• ASSIGNMENT:
Below are entries. Copy exactly the lines running from the line that holds "Tuinschuur 191x810x198 cm" to the line that holds "Yl96137 Высококачественная пластиковая", with both ends included.

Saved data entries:

--------------------------------

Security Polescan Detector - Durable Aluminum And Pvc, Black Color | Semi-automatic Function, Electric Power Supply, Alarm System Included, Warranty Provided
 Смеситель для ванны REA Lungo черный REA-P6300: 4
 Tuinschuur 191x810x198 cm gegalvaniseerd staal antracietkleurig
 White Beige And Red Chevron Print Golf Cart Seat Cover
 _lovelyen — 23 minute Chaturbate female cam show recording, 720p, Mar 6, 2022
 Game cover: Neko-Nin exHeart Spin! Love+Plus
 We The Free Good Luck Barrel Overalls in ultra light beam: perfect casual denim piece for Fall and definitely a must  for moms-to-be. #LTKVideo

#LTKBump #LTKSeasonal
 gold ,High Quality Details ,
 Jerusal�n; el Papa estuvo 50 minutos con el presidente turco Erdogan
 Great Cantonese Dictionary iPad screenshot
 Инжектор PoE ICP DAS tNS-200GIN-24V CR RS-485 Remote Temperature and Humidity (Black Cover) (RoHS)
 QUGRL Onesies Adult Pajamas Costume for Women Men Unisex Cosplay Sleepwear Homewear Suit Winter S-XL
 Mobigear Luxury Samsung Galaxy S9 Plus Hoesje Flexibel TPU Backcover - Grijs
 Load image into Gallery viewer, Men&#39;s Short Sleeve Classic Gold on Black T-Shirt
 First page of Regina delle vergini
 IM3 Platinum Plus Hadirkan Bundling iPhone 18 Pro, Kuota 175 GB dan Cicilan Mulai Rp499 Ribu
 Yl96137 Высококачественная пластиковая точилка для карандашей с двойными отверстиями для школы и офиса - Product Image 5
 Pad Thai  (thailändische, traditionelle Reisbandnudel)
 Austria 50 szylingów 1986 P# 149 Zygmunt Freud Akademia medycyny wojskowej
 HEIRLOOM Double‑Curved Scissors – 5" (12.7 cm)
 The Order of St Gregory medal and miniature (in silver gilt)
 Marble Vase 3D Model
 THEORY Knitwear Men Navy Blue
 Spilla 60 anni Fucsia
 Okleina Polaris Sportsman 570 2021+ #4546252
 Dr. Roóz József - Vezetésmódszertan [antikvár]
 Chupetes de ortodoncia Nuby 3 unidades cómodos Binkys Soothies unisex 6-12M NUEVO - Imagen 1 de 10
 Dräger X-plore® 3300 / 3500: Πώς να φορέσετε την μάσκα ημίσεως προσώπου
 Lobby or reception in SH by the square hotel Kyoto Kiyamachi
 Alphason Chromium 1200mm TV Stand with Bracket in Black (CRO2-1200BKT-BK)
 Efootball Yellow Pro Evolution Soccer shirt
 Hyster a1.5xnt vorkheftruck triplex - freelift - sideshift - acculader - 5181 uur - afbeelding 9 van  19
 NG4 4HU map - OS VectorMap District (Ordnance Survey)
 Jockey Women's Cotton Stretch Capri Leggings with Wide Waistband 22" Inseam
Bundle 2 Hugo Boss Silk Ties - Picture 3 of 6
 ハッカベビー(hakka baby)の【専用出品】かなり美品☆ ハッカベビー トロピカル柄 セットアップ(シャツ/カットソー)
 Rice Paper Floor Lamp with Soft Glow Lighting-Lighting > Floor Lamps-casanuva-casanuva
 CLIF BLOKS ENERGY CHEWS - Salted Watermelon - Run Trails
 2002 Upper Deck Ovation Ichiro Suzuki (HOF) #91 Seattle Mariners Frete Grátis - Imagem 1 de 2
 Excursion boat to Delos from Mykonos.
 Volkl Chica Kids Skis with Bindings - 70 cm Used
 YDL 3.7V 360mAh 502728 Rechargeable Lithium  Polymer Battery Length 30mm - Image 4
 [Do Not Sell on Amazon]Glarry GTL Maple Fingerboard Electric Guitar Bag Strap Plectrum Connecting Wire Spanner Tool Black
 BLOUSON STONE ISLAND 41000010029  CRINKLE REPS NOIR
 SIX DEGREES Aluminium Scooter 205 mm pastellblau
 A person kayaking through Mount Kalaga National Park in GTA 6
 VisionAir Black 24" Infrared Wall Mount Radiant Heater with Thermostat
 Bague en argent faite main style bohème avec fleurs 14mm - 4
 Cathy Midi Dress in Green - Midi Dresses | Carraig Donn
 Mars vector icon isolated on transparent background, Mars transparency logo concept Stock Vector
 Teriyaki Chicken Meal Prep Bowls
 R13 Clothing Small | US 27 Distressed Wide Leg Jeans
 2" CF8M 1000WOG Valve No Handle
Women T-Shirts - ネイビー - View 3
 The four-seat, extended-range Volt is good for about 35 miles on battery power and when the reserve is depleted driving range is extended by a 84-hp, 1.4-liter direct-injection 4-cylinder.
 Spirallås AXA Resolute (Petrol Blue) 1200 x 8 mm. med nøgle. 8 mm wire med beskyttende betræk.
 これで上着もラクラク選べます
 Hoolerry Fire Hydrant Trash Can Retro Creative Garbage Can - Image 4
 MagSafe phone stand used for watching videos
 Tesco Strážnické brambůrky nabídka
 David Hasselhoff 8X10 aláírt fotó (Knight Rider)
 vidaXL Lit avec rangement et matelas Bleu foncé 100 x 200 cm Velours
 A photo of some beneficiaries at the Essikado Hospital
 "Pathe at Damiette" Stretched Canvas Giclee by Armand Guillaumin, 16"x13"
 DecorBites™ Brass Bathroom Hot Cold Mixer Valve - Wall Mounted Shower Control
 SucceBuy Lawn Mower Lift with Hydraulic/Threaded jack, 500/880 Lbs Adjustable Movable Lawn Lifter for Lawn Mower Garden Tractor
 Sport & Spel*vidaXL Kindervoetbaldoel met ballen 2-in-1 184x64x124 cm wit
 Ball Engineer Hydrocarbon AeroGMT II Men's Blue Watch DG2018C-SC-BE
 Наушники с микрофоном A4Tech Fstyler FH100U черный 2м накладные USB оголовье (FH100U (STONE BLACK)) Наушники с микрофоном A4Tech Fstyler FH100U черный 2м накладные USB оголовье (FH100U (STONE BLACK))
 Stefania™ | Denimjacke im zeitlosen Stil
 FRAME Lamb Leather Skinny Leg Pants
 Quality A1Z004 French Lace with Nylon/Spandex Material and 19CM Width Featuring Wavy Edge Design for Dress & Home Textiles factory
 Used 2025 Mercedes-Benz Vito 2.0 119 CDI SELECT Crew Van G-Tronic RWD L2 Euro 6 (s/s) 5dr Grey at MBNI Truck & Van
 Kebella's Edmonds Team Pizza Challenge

--------------------------------

• WRITTEN ANSWER:
 Tuinschuur 191x810x198 cm gegalvaniseerd staal antracietkleurig
 White Beige And Red Chevron Print Golf Cart Seat Cover
 _lovelyen — 23 minute Chaturbate female cam show recording, 720p, Mar 6, 2022
 Game cover: Neko-Nin exHeart Spin! Love+Plus
 We The Free Good Luck Barrel Overalls in ultra light beam: perfect casual denim piece for Fall and definitely a must  for moms-to-be. #LTKVideo

#LTKBump #LTKSeasonal
 gold ,High Quality Details ,
 Jerusal�n; el Papa estuvo 50 minutos con el presidente turco Erdogan
 Great Cantonese Dictionary iPad screenshot
 Инжектор PoE ICP DAS tNS-200GIN-24V CR RS-485 Remote Temperature and Humidity (Black Cover) (RoHS)
 QUGRL Onesies Adult Pajamas Costume for Women Men Unisex Cosplay Sleepwear Homewear Suit Winter S-XL
 Mobigear Luxury Samsung Galaxy S9 Plus Hoesje Flexibel TPU Backcover - Grijs
 Load image into Gallery viewer, Men&#39;s Short Sleeve Classic Gold on Black T-Shirt
 First page of Regina delle vergini
 IM3 Platinum Plus Hadirkan Bundling iPhone 18 Pro, Kuota 175 GB dan Cicilan Mulai Rp499 Ribu
 Yl96137 Высококачественная пластиковая точилка для карандашей с двойными отверстиями для школы и офиса - Product Image 5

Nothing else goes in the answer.